どうしよう。誰に相談すればいいのか、わからなかった。
(教授……話を聞いてくれるかしら……)
だが、他に頼る術もなく、ユィリイは、ワイヤードでスタンフォーレ教授のアドレスを探した。教授の名前をクリックして、テキストメッセージを送る。教授が前にあまりムービーメールや携帯があまり好きじゃないと言っていたからだ。
『スタンフォーレ教授
ファ・ユイリィです。
お話したいことがあります。近いうちにお時間を作ってもらえますか?
ご都合に合わせますので、できるだけ早めにお願いします。
ファ・ユイリィ』
送信ボタンをクリックする。
ボイスメールやムービーメールに慣れているユイリィには、テキストメッセージは妙に堅苦しい気がした。それに、切迫感が伝わっただろうか。
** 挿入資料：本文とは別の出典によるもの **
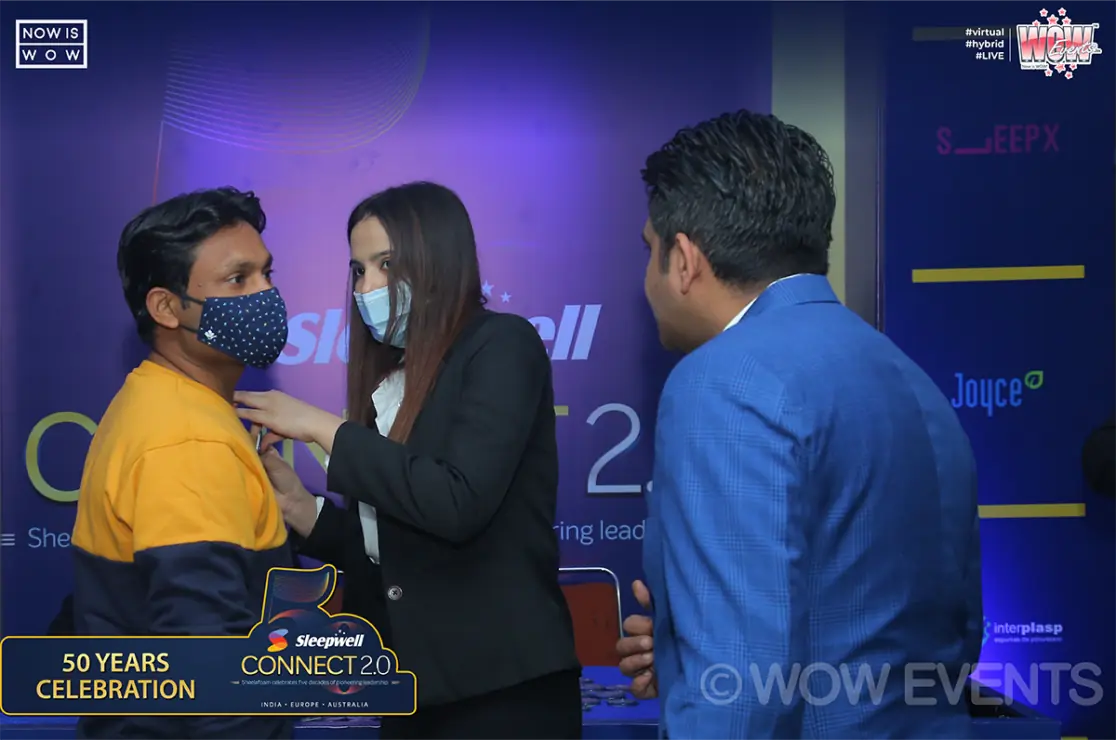 Guest receiving a welcome at the Sleepwell Connect 2.0 meet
一刻も早く話をしたいと思ったが、そうそう返事が来るものではない。明日は教授の講義はなかったが、ゼミに行けば会えるかもしれないと気持ちを切り替えた。
――ポーン
着信音が鳴る。
丁度、教授はワイヤードに接続していたということだろうか。メールを開くと、明日の三時に大学の研究室に来る様にと書いてあった。
「明日か……」
不意に携帯が鳴る。
最近流行りのポップスである。呼び出し音として設定していたものだった。表示を確かめるとスタンフォーレ教授からである。
慌てて電話をとった。
「もしもし?」
――スタンフォーレだ。今、いいかね?
「は、はい! きょ、教授!」
落ち着いたバリトンが今のユイリィには心地よかった。上ずった自分の声が恥ずかしい。だが、そんなことを言っている場合ではない。